Maddow Blog | Despite lengthy to-do list, GOP reps eye work on home appliances

By any fair measure, Congress is facing a daunting to-do list. Without prompt action from lawmakers, for example, Republicans will have allowed Russia to take part of eastern Europe by force.

But that’s just the start. Members also have work to do on providing funding to repair the Key Bridge in Baltimore, reauthorizing the soon-to-expire Foreign Intelligence Surveillance Act (FISA), deciding what to do with a child tax credit expansion, completing work on a possible TikTok bill, reauthorizing the FAA, finishing work on a rail-safety bill, and wrapping up work on the impeachment case against the Homeland Security secretary.

But it’s against this backdrop that the GOP-led House Rules Committee — which tends to be the last stop for bills before they reach the House floor for final votes — unveiled its schedule for next week. These are the actual bills — I’m not kidding — that the panel will take up on Monday and send to the floor for consideration from the full House.

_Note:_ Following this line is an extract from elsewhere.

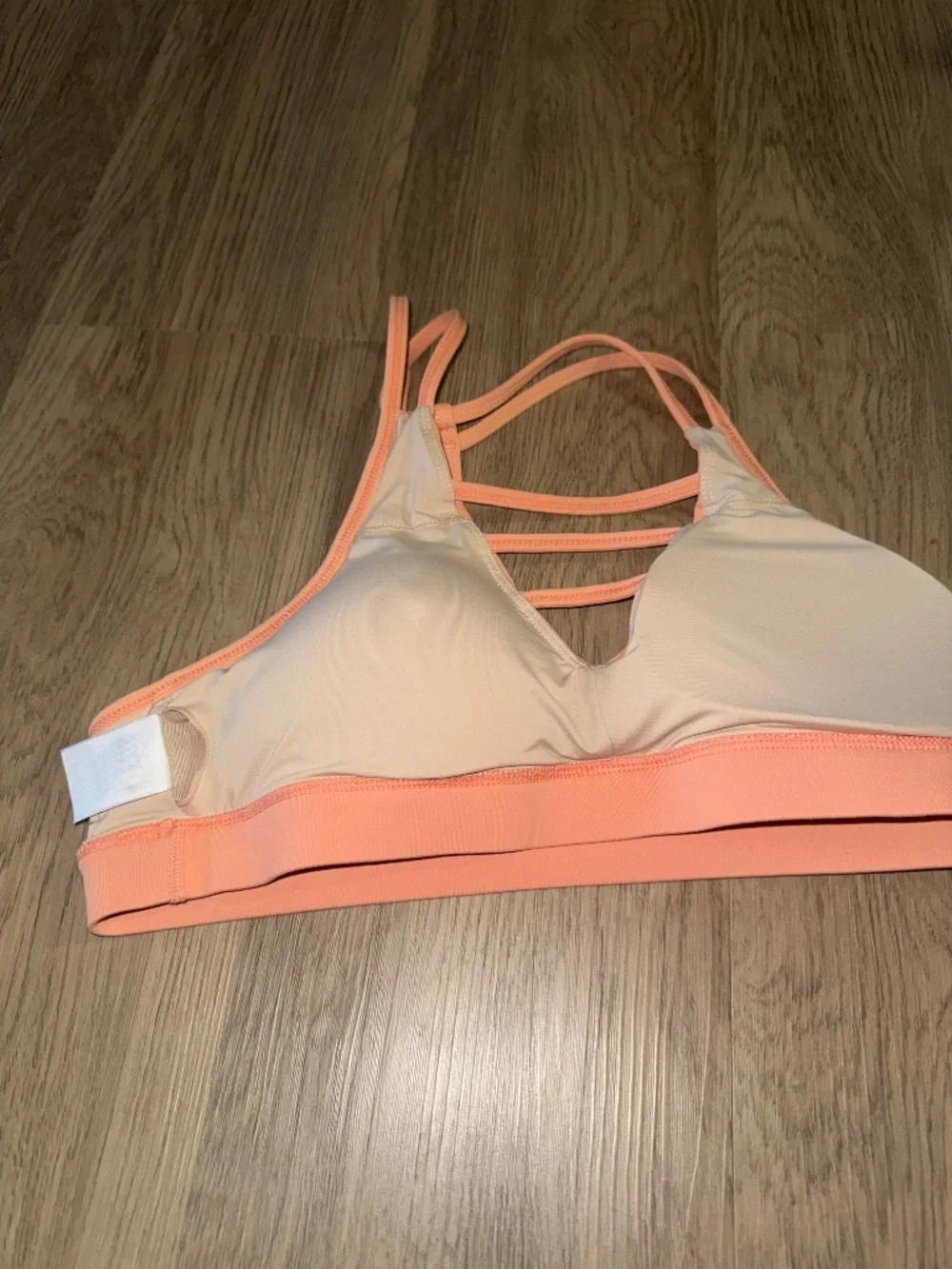 ZYIA Peach Strappy Sports Bra Athletic Activewear Yoga Gym Training Athleisure
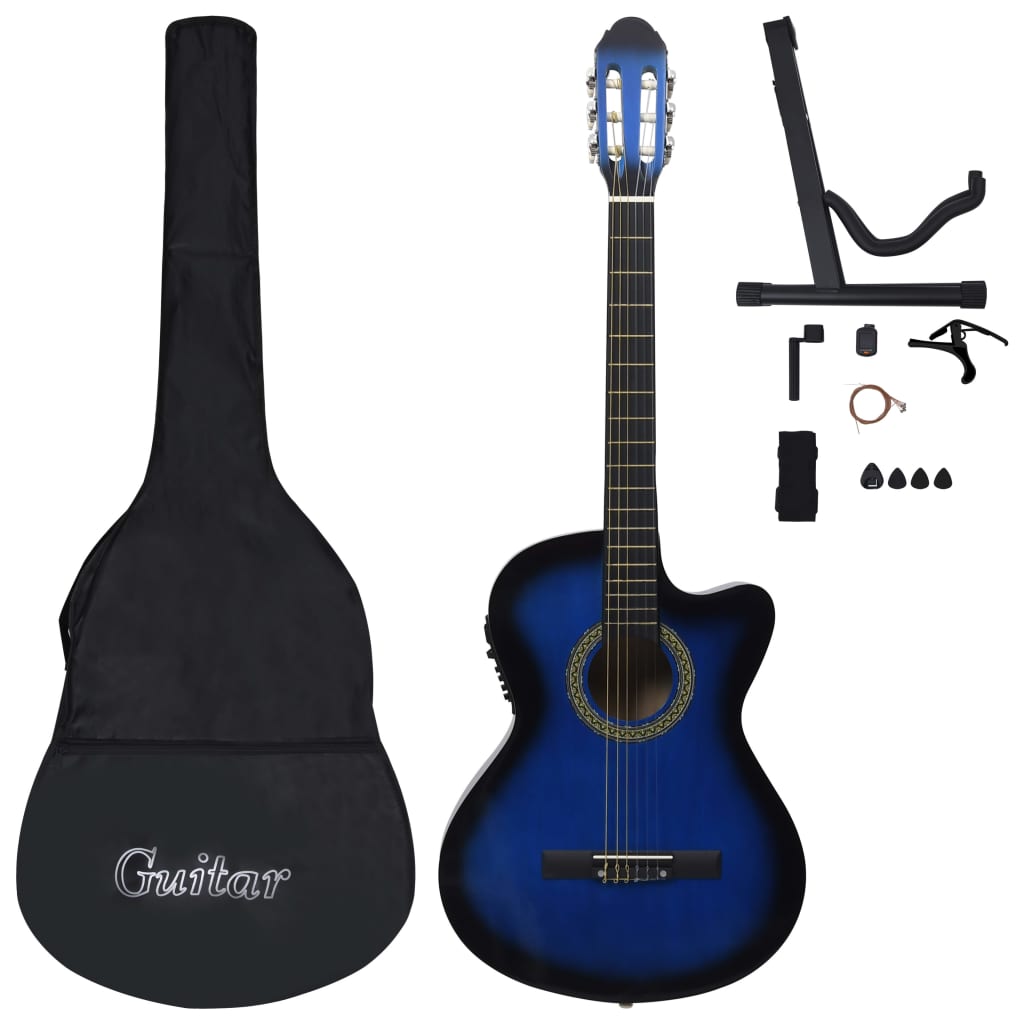 12-delige Gitaarset met equalizer en 6 snaren western blauw is nu te koop bij PeponiXL, paradijselijk wonen!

  • H.R. 6192 — Hands Off Our Home Appliances Act

  • H.R. 7673 — Liberty in Laundry Act

  • H.R. 7645 — Clothes Dryers Reliability Act

  • H.R. 7637 — Refrigerator Freedom Act

  • H.R. 7626 — Affordable Air Conditioning Act

  • H.R. 7700 — Stop Unaffordable Dishwasher Standards Act

As Democratic Rep. Don Beyer of Virginia wrote via social media, in reference to the list of bills, “This is real. This is actually what Republicans are preparing to spend next week on in the House. Really.”

At this point, readers might be wondering why in the world the hapless House Republican majority is poised to tackle a half-dozen pieces of legislation related to home appliances. There are, broadly speaking, two parts to the answer.

A PunchBowl News report helped summarize the first part nicely: “These are all part of the Republican culture war clash over energy efficiency and climate change. It’s similar to the gas stove hysteria or Trump’s war on low-flush toilets and light bulbs.

Quite right. GOP lawmakers know that these home-appliance-related bills aren’t going anywhere in the Democratic-led Senate, but they don’t care. They want to be able to tell the far-right Republican base that they’re on Capitol Hill, fighting tooth and nail in support of pointless messaging bills that combat energy conservation standards on clothes washers.

And clothes dryers. And refrigerators. And dishwashers. And air conditioners.

But the other part of the problem is while Republicans realize they have real work to do on everything from national security to infrastructure to tax policy, but that work (a) is difficult; (b) requires real legislative work; and (c) necessitates meaningful, bipartisan solutions.

House GOP members tend not to like rolling up their sleeves and doing the unglamorous work of solving problems. It’s far more satisfying and entertaining to tee up the “Hands Off Our Home Appliances Act” — which will no doubt make for delightful fundraising letters and several Fox News segments — while real priorities in need of Republicans’ attention wither.